Human-Centered Design systems such as Design Thinking have swept the global business world and helped many companies improve their ability to design products and services. Yet the way Design Thinking is often implemented focuses narrowly on individual needs and desires and can underestimate the powerful influence that our communities have on our behavior.
In this talk David Robertson and Wahde Galisgewi will profile four Cherokee innovators to show how members of a communal and egalitarian culture like the Cherokees design new products and services for the communities they’re serving. The unique and powerful role that the community plays in Cherokee culture led them all to use a broader lens as they pursued their innovations – developing empathy for communities instead of individuals. The talk has lessons for anyone interested in strengthening communities through innovation.
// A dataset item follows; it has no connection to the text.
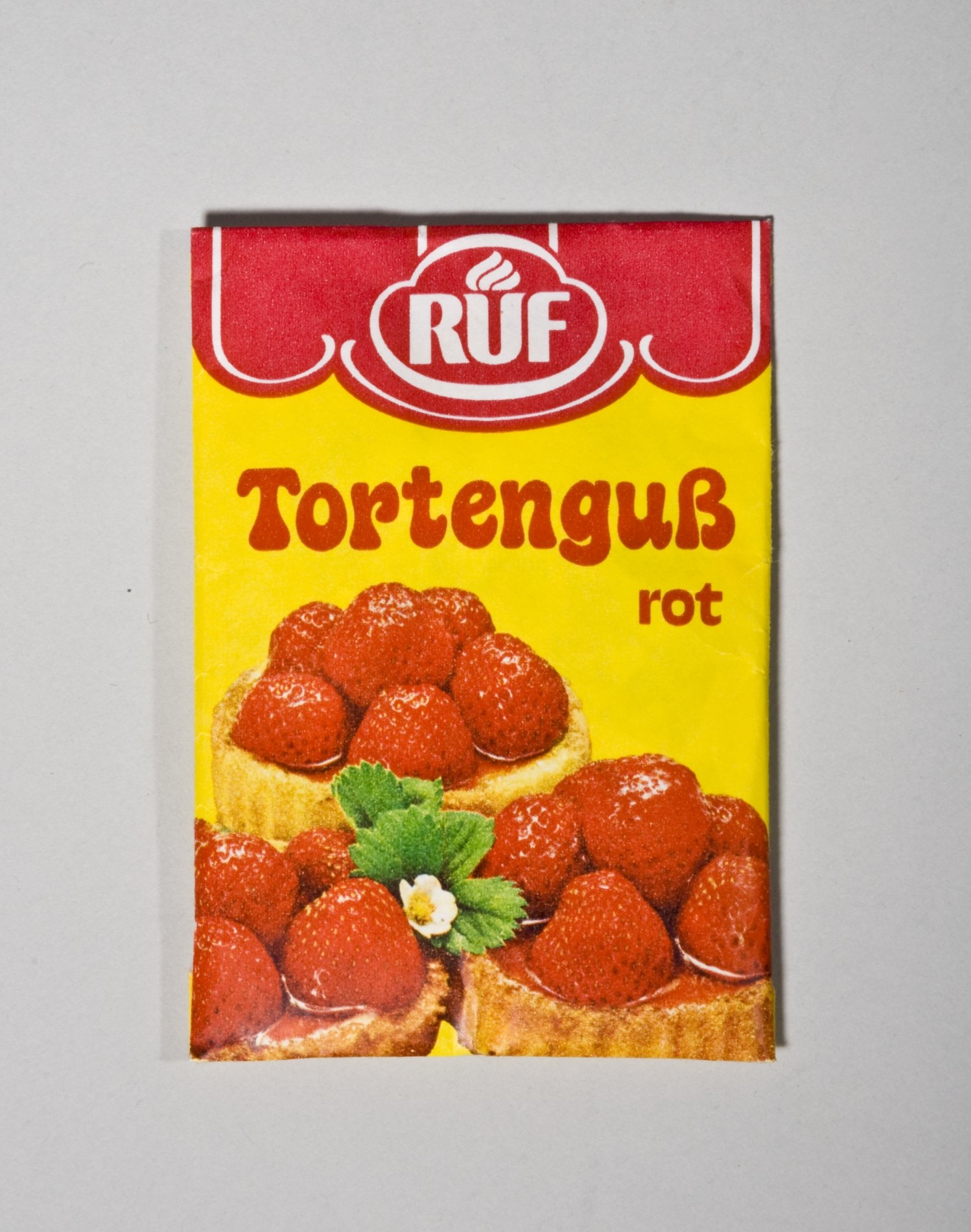 Päckchen "Tortenguß rot" von "Ruf" (Stiftung Domäne Dahlem - Landgut und Museum, Weiternutzung nur mit Genehmigung des Museums CC BY-NC-SA)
Wahde Galisgewi is Manager of Adult Immersion Programs for the Cherokee Nation’s Community and Cultural Outreach Department. Wahde is fluent in Cherokee, and is a recognized storyteller for the Cherokee Nation. He is also the author of “Cherokee Cultural Values.”
David Robertson is a Senior Lecturer at the MIT Sloan School of Management, where he teaches Innovation and Product Management. Over the course of his career, David has been a consultant at McKinsey, a startup advisor, a senior executive at small and large technology companies, a research fellow at MIT’s AI lab, and a radio show host.
From 2002 through 2009 David was the LEGO Professor of Innovation and Technology Management at Switzerland’s Institute for Management Development (IMD). While at IMD, David was given inside access to The LEGO Group, and wrote his award-winning book Brick by Brick: How LEGO Rewrote the Rules of Innovation and Conquered the Global Toy Industry (2013). David’s latest book The Power of Little Ideas: A Low-Risk, High-Reward Approach to Innovation (2017, Harvard Business Review Press). From 2010 through 2017, David was a Professor of Practice at the Wharton School at the University of Pennsylvania where he taught Innovation and Product Design.
David currently runs MIT’s largest executive program, the Executive Program in General Management. He teaches in MIT’s MBA and executive programs, consults with global Fortune 1000 companies on Innovation and Product Management issues, and is a frequent speaker at corporate events and industry trade shows. David holds an SM and PhD from the MIT Sloan School of Management, and a BS in Computer Engineering from the University of Illinois. David and his two children are members of the Cherokee Nation.